## Directions:
Below are records; count the lines in them that hold "Black" and give only the count.

## Supplied information:
──────────

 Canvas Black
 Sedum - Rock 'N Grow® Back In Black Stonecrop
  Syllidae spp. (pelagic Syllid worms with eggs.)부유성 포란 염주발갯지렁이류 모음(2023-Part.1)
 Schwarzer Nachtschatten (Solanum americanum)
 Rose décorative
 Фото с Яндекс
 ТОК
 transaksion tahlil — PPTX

──────────

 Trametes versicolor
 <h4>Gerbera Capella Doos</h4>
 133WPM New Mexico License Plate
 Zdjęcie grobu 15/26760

──────────

## Your solution:
2